**Exercise goal**:
Word for word and without images, reproduce the listing that follows.

**Dataset content**:
:::

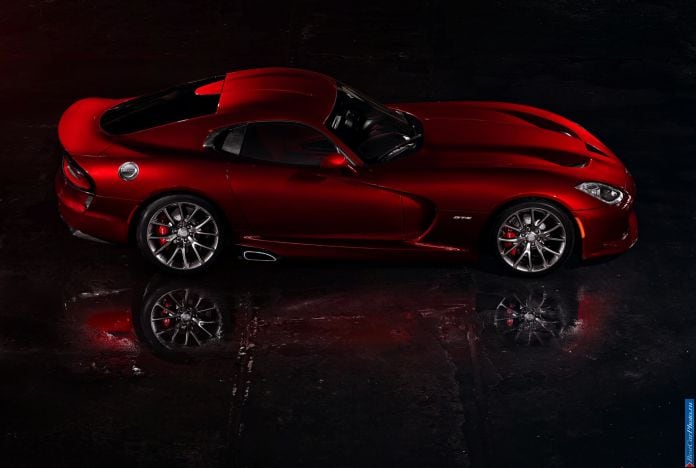 2013 Dodge Viper SRT GTS - фотография 52 из 94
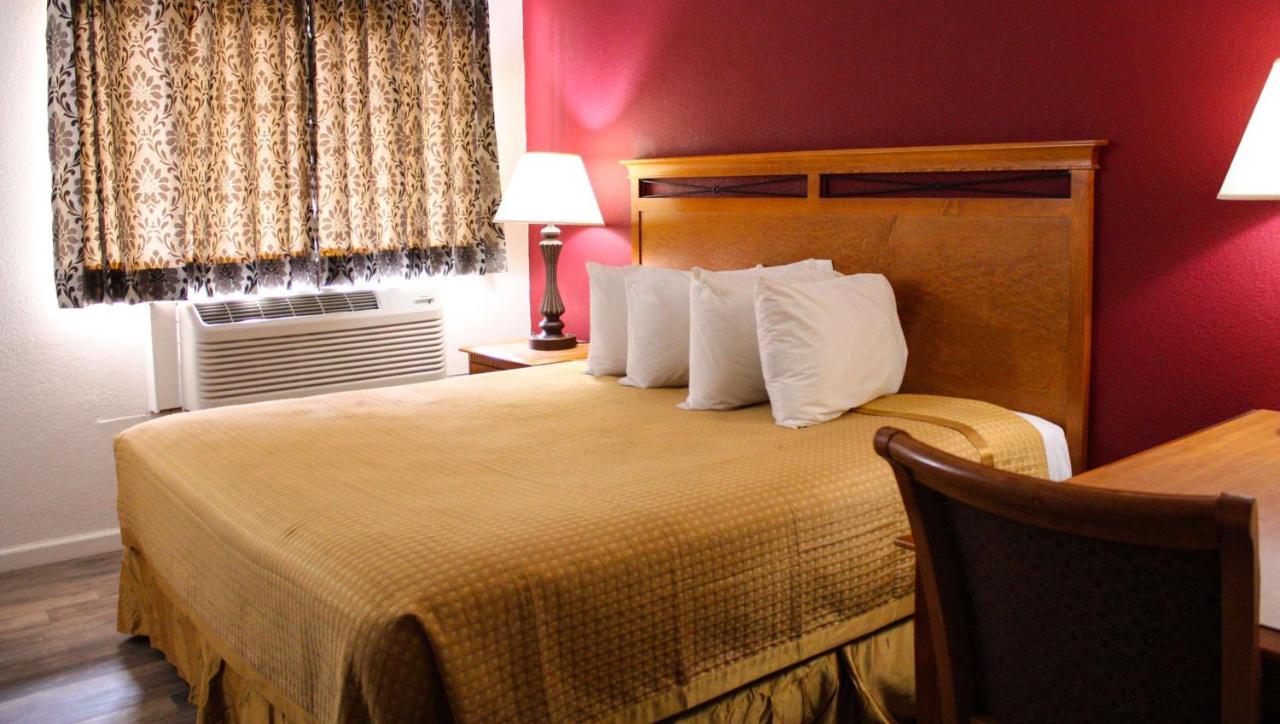 Budget Inn Ontario Zewnętrze zdjęcie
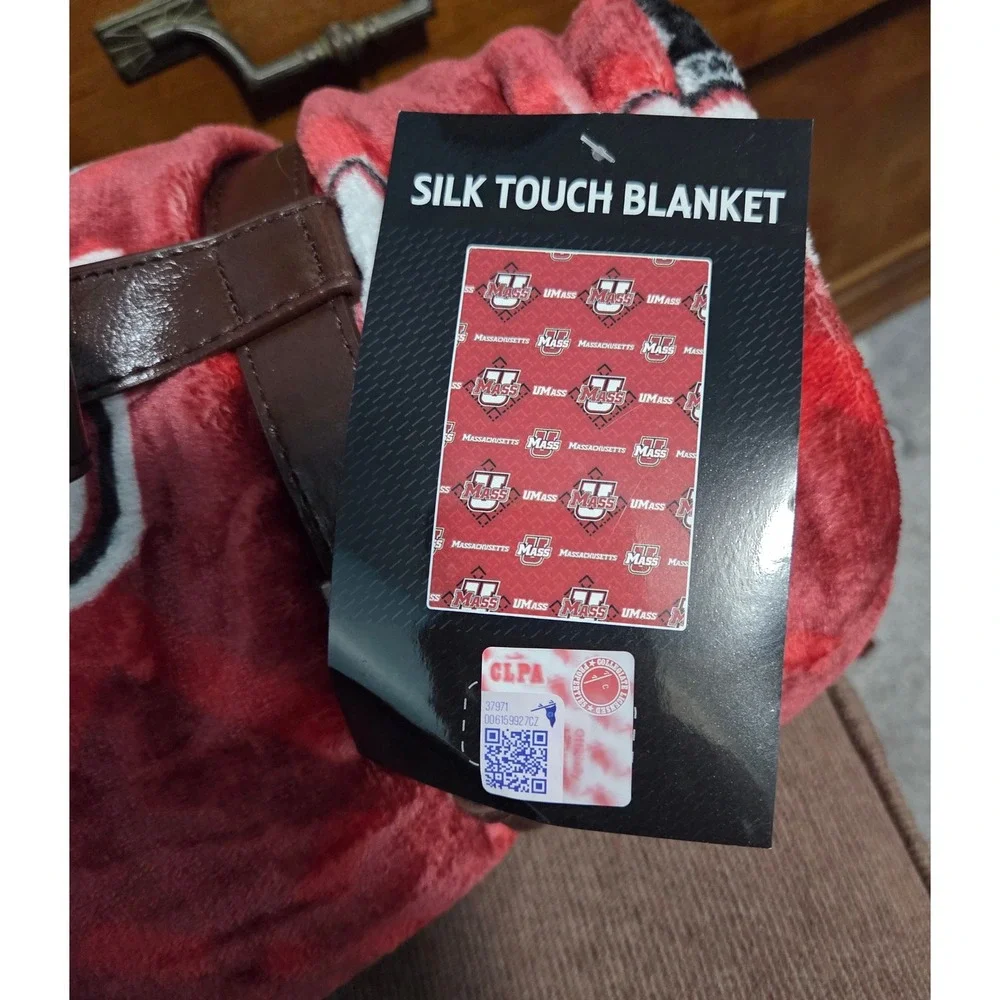 UMass Minutemen Silk Touch Blanket 60x90 The Northwest Group Maroon White NEW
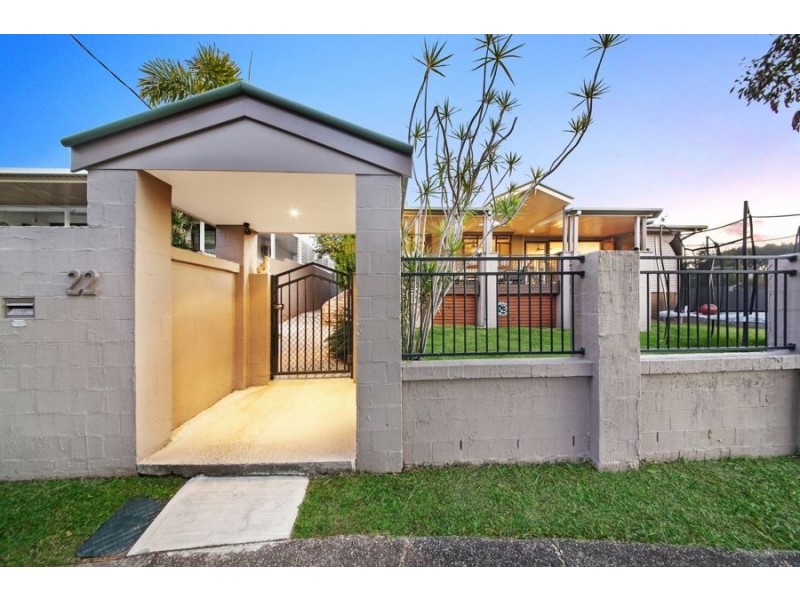 22 Saltash Street, Labrador QLD 4215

:::

**Expected output**:
 2013 Dodge Viper SRT GTS - фотография 52 из 94
 Budget Inn Ontario Zewnętrze zdjęcie
 UMass Minutemen Silk Touch Blanket 60x90 The Northwest Group Maroon White NEW
 22 Saltash Street, Labrador QLD 4215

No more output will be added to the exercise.